I’ve chatted with him once or twice every several months over the last few years. Not much, but enough to know that he’s incredibly knowledgeable and always willing to help. After my OEM parts supply got cut off, I found myself looking for alternatives. One of the areas I wanted to explore was James’ line of work: cameras and connectivity. We exchanged a few emails about what he had to offer and the conversation progressed well enough that I asked if he’d be interested in coming to the United States for a visit. To my surprise, he said yes.

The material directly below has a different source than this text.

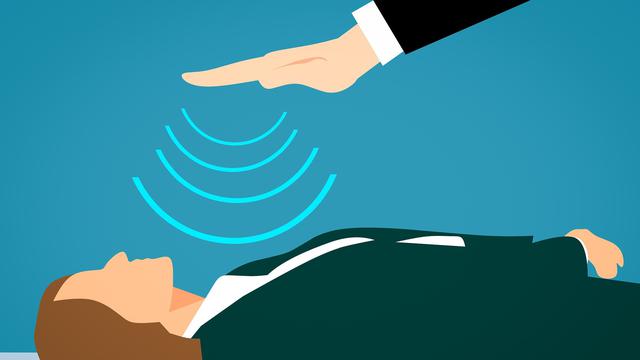 Ilustrasi pertolongan pertama untuk orang pingsan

Truth be told, the event itself fell together rather easily. The biggest hurdle I faced in organizing it was finding a location. We needed space for people as well as cars. Given we’re in Florida, we needed air conditioning. Finding an empty, air conditioned space we could fill with both people and cars is a tall order. Clare, as is usually the case, sorted this out for me. In addition to helping me with Redpants and running her own business, Off the Line Detailing, Clare’s day job was as a service adviser at Jaguar of Tampa. That dealership used to have Aston Martin and Fisker franchises, and the showroom for those cars still sits empty - now only used for special cars and new car deliveries. At the time, it had a Mercedes SLS convertible on display and a freshly-built Jaguar F-Pace waiting to be picked up by a customer. The dealership moved those vehicles out and gave us free reign over the showroom. So, I want to give a massively huge ‘thank you’ to Jaguar of Tampa for accommodating us.
Having sorted out the location, the rest of the details seemed minor. I had to get chairs for people to sit in, food for people to eat, drinks to keep refreshed, and tables to set the food and beverages on. This was surprisingly stressful because I had no idea how many people to expect. I got a rough number by asking people to RSVP and provide some information, which did help quite a bit. But that unknown is a constant challenge with event planning. Up until people were seated and I started talking, I didn’t know if we’d get 5 people or 50 in attendance. Chairs and food for 5 people is simple. For 50? Quite a bit more costly and requires a bit of advanced notice to the caterer. Since I was paying for this out of pocket, being at least somewhat accurate was important to make both attendees and my wallet happy.